Only one stretch of the data below is wanted: the lines starting at the one with "Patagonia Terravia Mini Hip Pack Bags" and ending at the one with "Happy mother's day", both included, given again exactly.

___ Extracted data ___

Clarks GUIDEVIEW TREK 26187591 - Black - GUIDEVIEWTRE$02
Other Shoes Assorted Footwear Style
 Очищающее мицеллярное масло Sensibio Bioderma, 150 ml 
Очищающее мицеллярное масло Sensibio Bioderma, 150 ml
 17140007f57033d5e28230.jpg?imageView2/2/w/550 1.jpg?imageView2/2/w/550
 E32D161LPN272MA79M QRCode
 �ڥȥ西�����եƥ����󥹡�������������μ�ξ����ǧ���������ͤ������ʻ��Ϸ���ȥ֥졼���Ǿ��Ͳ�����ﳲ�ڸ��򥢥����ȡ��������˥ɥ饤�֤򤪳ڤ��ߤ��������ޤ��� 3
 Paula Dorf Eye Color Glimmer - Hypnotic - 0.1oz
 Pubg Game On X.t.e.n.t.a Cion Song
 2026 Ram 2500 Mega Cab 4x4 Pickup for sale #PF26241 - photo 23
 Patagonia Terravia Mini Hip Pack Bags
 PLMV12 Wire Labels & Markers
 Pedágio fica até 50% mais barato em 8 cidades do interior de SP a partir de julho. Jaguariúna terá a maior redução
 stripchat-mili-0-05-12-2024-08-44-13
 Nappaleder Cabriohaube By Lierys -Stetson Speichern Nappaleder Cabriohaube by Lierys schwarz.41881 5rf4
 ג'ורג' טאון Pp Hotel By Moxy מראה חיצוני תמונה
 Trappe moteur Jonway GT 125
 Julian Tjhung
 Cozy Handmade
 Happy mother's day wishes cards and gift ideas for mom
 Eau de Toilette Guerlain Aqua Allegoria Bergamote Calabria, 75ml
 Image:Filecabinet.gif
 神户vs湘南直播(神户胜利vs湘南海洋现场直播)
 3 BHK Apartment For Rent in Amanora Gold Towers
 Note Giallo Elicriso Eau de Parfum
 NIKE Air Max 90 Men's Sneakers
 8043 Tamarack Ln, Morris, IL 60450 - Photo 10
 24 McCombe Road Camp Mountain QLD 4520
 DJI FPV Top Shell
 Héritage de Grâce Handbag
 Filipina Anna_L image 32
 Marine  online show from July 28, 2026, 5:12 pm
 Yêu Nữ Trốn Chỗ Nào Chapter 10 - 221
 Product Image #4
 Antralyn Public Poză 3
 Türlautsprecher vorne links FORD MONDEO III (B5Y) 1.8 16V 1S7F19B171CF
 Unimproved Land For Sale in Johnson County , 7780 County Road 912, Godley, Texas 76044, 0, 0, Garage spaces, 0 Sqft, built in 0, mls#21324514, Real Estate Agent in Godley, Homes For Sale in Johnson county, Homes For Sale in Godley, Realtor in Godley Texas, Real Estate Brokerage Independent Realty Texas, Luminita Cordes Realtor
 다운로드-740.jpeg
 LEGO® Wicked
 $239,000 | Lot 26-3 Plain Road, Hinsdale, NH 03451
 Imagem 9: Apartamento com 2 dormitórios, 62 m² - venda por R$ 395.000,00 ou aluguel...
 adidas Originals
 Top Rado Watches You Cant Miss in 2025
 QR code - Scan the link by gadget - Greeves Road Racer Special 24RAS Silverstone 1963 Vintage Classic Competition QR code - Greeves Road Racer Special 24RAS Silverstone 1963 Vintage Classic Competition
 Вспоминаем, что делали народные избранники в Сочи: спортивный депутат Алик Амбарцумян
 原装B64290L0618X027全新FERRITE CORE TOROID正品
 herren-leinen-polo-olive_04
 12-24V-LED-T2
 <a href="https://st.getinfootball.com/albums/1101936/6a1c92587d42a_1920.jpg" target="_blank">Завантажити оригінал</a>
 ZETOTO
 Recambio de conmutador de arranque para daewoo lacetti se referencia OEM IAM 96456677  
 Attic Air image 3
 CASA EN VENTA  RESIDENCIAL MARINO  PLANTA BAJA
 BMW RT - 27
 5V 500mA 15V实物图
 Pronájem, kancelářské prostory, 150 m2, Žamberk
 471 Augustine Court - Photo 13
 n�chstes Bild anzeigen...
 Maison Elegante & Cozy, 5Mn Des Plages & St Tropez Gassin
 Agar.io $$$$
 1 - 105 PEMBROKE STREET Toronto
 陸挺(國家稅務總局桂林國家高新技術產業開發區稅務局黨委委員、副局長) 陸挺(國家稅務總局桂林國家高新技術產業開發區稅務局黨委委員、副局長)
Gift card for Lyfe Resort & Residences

___

• **Solution to this task**
 Patagonia Terravia Mini Hip Pack Bags
 PLMV12 Wire Labels & Markers
 Pedágio fica até 50% mais barato em 8 cidades do interior de SP a partir de julho. Jaguariúna terá a maior redução
 stripchat-mili-0-05-12-2024-08-44-13
 Nappaleder Cabriohaube By Lierys -Stetson Speichern Nappaleder Cabriohaube by Lierys schwarz.41881 5rf4
 ג'ורג' טאון Pp Hotel By Moxy מראה חיצוני תמונה
 Trappe moteur Jonway GT 125
 Julian Tjhung
 Cozy Handmade
 Happy mother's day wishes cards and gift ideas for mom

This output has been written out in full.